- WHAT THE TASK REQUIRES
Would you output the entries below only from the line containing "20cm XV Noctis" through the line containing "Knot Cushion XL - Gray", exactly as they stand and with both ends included?

Data records
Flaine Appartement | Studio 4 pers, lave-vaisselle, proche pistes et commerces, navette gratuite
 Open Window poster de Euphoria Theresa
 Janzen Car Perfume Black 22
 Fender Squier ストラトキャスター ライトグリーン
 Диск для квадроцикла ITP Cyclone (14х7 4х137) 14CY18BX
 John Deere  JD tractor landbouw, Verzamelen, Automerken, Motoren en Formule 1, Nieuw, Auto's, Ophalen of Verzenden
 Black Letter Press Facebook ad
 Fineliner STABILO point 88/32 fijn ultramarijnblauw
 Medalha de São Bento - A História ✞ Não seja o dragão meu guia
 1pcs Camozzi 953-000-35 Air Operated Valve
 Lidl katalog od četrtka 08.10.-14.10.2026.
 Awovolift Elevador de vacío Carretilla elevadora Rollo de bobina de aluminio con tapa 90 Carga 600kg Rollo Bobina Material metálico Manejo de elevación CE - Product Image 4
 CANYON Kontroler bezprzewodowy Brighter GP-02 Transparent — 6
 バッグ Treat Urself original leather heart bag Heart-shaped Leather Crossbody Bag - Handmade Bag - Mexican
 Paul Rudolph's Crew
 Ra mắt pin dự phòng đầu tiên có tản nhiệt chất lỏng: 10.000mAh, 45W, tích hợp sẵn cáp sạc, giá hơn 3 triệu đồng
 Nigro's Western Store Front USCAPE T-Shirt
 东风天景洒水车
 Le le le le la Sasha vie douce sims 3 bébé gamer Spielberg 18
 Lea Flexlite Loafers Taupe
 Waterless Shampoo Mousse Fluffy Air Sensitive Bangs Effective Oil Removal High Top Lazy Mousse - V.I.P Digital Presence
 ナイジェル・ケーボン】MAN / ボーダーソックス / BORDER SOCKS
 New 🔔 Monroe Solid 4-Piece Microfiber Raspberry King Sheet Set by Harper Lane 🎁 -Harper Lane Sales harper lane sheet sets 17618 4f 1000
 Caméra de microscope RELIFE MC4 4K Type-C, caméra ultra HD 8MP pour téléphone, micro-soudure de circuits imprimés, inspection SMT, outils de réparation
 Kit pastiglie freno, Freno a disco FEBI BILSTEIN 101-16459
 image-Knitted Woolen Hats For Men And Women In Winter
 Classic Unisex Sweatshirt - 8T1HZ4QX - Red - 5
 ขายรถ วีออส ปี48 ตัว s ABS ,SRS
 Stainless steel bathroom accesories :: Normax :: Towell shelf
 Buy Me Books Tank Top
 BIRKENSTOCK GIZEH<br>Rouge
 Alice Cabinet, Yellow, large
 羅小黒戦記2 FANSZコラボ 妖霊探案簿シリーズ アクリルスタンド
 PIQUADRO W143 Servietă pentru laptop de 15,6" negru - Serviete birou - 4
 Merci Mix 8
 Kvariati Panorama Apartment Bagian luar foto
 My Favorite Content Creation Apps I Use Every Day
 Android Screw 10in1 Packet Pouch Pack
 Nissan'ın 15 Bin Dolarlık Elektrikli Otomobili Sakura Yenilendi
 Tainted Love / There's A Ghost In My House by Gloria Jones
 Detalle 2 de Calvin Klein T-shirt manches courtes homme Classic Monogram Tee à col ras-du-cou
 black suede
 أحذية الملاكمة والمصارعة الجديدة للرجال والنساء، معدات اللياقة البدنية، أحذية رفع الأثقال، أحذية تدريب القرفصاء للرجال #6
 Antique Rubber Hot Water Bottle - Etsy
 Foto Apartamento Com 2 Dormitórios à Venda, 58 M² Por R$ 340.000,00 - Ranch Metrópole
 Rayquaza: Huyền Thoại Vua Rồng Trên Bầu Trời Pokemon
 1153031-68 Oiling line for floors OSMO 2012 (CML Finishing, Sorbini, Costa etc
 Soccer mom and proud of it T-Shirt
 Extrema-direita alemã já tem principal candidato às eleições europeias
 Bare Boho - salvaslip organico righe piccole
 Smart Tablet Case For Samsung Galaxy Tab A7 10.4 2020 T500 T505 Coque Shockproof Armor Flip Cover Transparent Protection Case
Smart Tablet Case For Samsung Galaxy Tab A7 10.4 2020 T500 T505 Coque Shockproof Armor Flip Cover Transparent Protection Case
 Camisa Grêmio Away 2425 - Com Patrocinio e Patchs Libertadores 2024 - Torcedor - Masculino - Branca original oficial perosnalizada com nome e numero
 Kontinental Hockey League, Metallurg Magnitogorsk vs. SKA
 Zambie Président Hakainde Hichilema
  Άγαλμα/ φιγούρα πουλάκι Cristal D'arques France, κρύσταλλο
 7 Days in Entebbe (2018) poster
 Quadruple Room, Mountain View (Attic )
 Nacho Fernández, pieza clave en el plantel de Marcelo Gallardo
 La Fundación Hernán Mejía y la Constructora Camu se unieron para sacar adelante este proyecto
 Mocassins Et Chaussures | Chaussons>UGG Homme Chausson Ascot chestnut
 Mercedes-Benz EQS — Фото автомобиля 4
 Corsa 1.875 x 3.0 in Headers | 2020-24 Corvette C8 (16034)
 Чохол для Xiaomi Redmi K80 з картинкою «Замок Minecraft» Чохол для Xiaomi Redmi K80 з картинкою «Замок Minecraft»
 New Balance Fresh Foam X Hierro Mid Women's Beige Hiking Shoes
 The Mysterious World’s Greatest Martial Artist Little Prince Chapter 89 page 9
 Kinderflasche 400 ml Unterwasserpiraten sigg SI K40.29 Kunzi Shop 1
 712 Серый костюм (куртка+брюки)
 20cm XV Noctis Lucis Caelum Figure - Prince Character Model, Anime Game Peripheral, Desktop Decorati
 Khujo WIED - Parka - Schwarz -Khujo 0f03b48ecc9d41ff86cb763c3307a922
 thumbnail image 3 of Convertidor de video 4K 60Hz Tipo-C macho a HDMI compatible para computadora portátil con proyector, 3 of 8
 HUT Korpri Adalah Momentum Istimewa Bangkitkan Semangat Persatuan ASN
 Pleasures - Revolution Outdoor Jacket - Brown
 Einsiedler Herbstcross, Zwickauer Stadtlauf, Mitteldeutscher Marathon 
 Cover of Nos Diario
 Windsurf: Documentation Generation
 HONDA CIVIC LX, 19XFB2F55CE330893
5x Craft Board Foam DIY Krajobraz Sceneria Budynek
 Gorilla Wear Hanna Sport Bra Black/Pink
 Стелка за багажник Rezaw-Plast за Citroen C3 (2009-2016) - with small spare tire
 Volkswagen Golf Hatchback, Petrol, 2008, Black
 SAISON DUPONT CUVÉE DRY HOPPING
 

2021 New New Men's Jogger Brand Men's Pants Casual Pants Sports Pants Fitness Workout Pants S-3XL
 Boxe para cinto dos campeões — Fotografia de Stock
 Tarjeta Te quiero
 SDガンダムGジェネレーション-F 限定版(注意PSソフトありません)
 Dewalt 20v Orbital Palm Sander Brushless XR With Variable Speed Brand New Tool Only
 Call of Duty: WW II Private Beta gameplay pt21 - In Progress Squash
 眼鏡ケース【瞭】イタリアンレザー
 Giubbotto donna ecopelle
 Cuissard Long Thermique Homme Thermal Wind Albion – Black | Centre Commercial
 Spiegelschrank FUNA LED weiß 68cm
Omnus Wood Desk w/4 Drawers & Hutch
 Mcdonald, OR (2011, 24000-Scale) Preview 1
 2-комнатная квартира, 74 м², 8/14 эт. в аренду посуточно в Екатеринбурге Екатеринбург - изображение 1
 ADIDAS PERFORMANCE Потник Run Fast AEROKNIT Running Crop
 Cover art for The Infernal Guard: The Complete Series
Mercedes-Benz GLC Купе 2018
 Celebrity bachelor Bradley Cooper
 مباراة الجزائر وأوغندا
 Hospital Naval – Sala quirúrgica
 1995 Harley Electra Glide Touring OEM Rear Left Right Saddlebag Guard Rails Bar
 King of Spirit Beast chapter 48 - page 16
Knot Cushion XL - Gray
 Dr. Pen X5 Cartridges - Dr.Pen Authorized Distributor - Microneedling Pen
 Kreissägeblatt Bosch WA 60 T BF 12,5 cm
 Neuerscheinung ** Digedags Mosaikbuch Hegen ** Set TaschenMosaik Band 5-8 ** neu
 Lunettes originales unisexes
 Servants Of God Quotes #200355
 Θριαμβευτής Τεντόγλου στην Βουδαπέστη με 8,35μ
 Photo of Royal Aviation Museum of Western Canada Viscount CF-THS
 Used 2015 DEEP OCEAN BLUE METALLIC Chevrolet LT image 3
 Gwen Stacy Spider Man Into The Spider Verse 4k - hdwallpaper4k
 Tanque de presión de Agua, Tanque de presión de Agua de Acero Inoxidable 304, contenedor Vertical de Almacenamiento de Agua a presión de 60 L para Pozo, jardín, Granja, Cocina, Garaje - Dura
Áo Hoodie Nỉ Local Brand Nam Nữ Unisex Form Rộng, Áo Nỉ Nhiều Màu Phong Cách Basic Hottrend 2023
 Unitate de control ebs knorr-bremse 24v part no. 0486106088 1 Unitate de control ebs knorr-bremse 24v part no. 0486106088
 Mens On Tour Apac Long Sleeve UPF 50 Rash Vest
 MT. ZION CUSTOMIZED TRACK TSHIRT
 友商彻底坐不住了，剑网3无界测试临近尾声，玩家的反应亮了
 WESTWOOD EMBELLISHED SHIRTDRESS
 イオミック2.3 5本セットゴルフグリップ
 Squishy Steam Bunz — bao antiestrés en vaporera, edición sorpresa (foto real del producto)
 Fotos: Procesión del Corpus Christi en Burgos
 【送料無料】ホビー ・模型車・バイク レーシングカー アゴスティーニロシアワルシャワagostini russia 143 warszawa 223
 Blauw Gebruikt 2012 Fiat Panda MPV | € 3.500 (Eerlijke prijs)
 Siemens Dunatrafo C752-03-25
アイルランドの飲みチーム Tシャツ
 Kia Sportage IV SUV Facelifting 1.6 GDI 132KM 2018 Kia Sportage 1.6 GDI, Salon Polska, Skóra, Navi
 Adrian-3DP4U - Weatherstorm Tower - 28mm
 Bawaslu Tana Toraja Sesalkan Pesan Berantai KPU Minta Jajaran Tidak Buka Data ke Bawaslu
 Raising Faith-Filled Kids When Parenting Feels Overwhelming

- ANSWER FOR THE TASK
 20cm XV Noctis Lucis Caelum Figure - Prince Character Model, Anime Game Peripheral, Desktop Decorati
 Khujo WIED - Parka - Schwarz -Khujo 0f03b48ecc9d41ff86cb763c3307a922
 thumbnail image 3 of Convertidor de video 4K 60Hz Tipo-C macho a HDMI compatible para computadora portátil con proyector, 3 of 8
 HUT Korpri Adalah Momentum Istimewa Bangkitkan Semangat Persatuan ASN
 Pleasures - Revolution Outdoor Jacket - Brown
 Einsiedler Herbstcross, Zwickauer Stadtlauf, Mitteldeutscher Marathon 
 Cover of Nos Diario
 Windsurf: Documentation Generation
 HONDA CIVIC LX, 19XFB2F55CE330893
5x Craft Board Foam DIY Krajobraz Sceneria Budynek
 Gorilla Wear Hanna Sport Bra Black/Pink
 Стелка за багажник Rezaw-Plast за Citroen C3 (2009-2016) - with small spare tire
 Volkswagen Golf Hatchback, Petrol, 2008, Black
 SAISON DUPONT CUVÉE DRY HOPPING
 

2021 New New Men's Jogger Brand Men's Pants Casual Pants Sports Pants Fitness Workout Pants S-3XL
 Boxe para cinto dos campeões — Fotografia de Stock
 Tarjeta Te quiero
 SDガンダムGジェネレーション-F 限定版(注意PSソフトありません)
 Dewalt 20v Orbital Palm Sander Brushless XR With Variable Speed Brand New Tool Only
 Call of Duty: WW II Private Beta gameplay pt21 - In Progress Squash
 眼鏡ケース【瞭】イタリアンレザー
 Giubbotto donna ecopelle
 Cuissard Long Thermique Homme Thermal Wind Albion – Black | Centre Commercial
 Spiegelschrank FUNA LED weiß 68cm
Omnus Wood Desk w/4 Drawers & Hutch
 Mcdonald, OR (2011, 24000-Scale) Preview 1
 2-комнатная квартира, 74 м², 8/14 эт. в аренду посуточно в Екатеринбурге Екатеринбург - изображение 1
 ADIDAS PERFORMANCE Потник Run Fast AEROKNIT Running Crop
 Cover art for The Infernal Guard: The Complete Series
Mercedes-Benz GLC Купе 2018
 Celebrity bachelor Bradley Cooper
 مباراة الجزائر وأوغندا
 Hospital Naval – Sala quirúrgica
 1995 Harley Electra Glide Touring OEM Rear Left Right Saddlebag Guard Rails Bar
 King of Spirit Beast chapter 48 - page 16
Knot Cushion XL - Gray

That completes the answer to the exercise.